*** Opening Extracted data ***
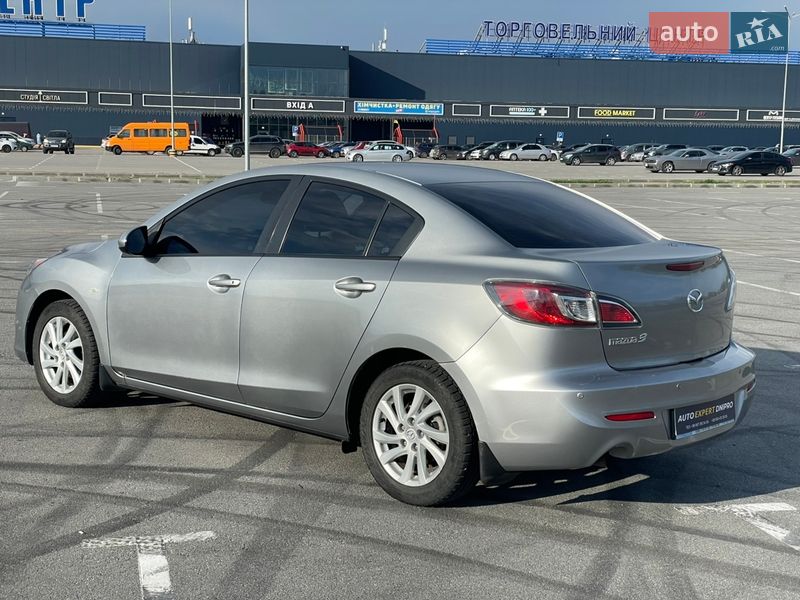 Седан Mazda 3 2012 в Днепре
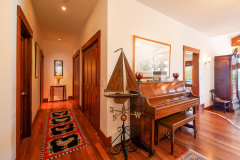 1042c18712640353ae8007e31d667b01-full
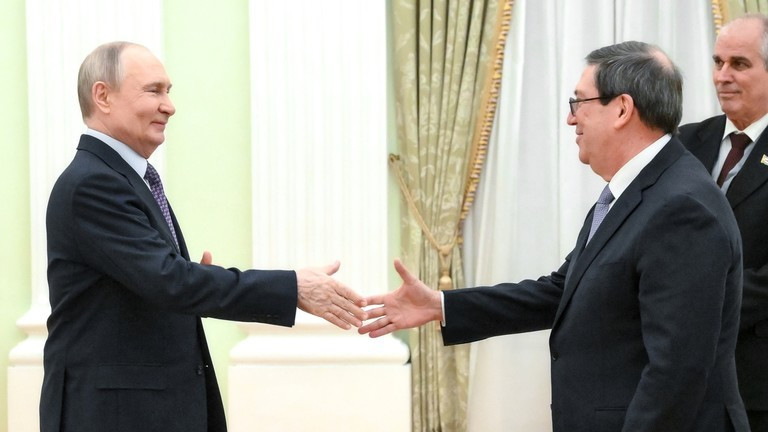 Tổng thống Nga Vladimir Putin gặp gỡ Ngoại trưởng Cuba Bruno Rodriguez Parrilla tại Điện Kremlin hôm 18/2. Ảnh: Sputnik.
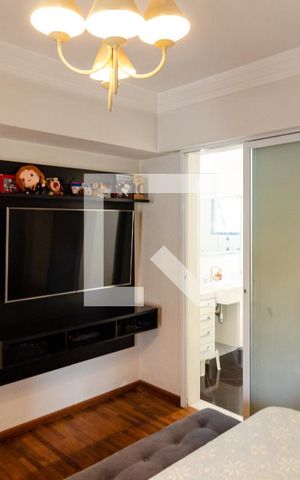 Apartamento à venda com 126m², 3 quartos e 2 vagas Apartamento à venda com 126m², 3 quartos e 2 vagasSuíte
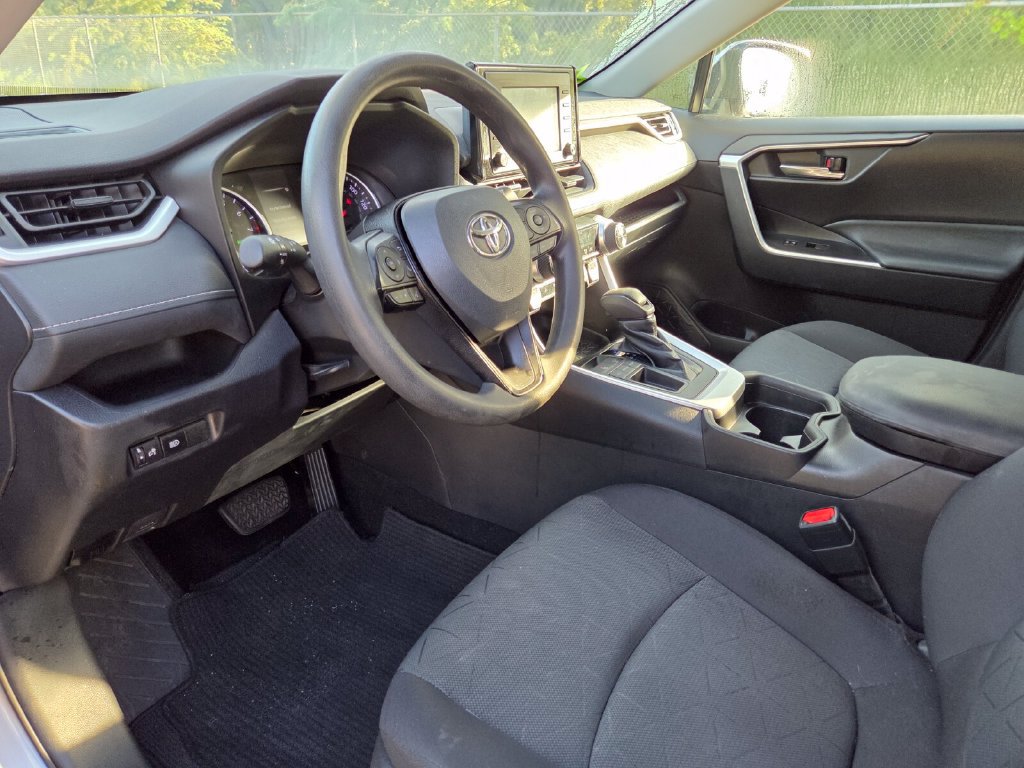 Certified 2021 Toyota RAV4 XLE FWD image 26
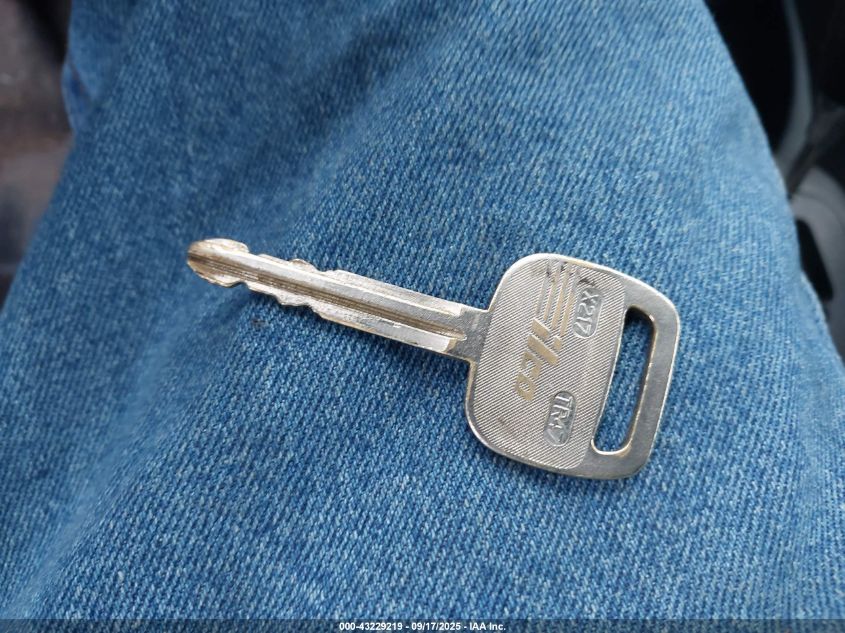 2009 Toyota Yaris VIN: JTDJT903895255201 Lot: 43229219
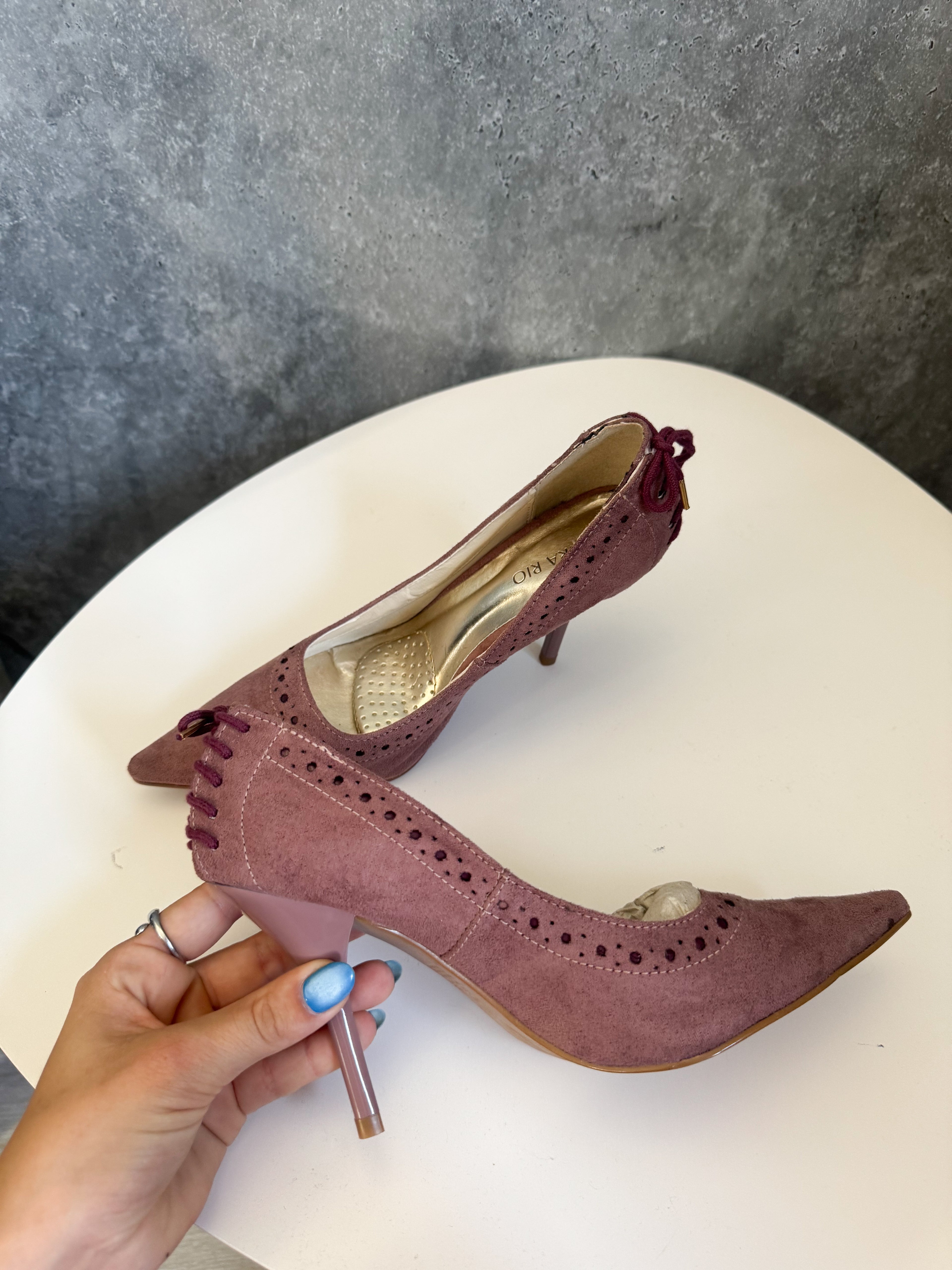 Tacos sandalias nuevas color rosa de gamuza con cordón atrás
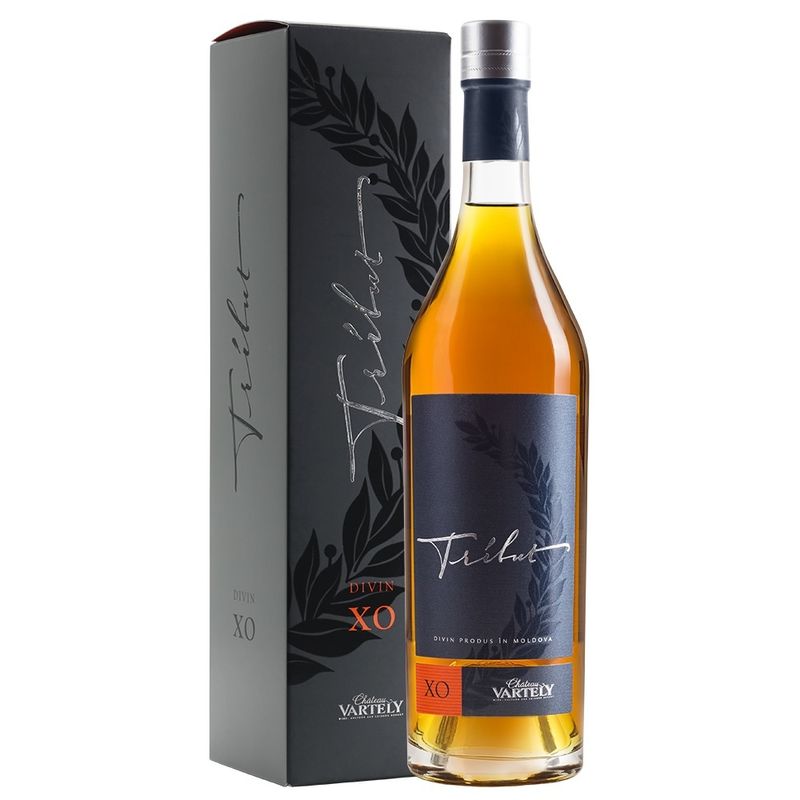 vinars-chateau-vartely-gift-box-40-07-l-8915370737694.jpg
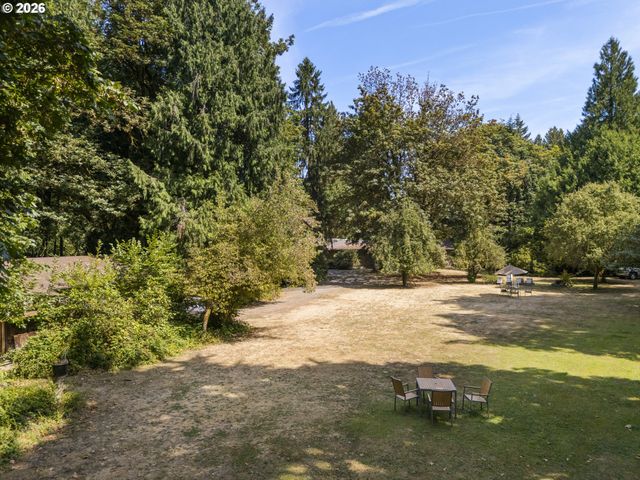 4600 MAPLETON Dr, West Linn, OR 97068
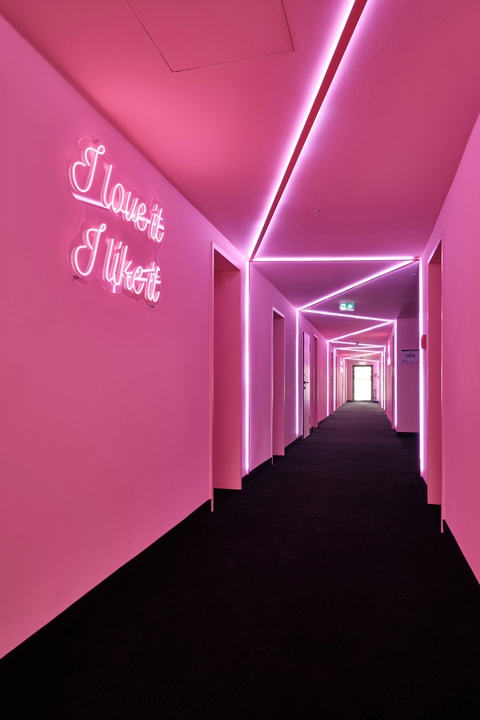 A DIP INTO PINK | The Flamingo Hotel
*** Closing Extracted data ***
● Exercise details
All lines from the one containing "4600 MAPLETON Dr, West Linn, OR 97068" through the end of the entries above must be given again exactly, with every picture omitted.

● Answer section
 4600 MAPLETON Dr, West Linn, OR 97068
 A DIP INTO PINK | The Flamingo Hotel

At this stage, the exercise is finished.